What needs to be done: Write out every single entry exactly.

Data for this task:

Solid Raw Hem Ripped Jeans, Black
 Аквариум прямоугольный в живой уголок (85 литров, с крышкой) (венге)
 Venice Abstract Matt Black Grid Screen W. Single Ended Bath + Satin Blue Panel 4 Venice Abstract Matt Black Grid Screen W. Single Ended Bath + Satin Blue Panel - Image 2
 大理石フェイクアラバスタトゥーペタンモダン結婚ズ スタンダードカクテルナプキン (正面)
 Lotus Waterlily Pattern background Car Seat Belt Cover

Written reply:
Solid Raw Hem Ripped Jeans, Black
 Аквариум прямоугольный в живой уголок (85 литров, с крышкой) (венге)
 Venice Abstract Matt Black Grid Screen W. Single Ended Bath + Satin Blue Panel 4 Venice Abstract Matt Black Grid Screen W. Single Ended Bath + Satin Blue Panel - Image 2
 大理石フェイクアラバスタトゥーペタンモダン結婚ズ スタンダードカクテルナプキン (正面)
 Lotus Waterlily Pattern background Car Seat Belt Cover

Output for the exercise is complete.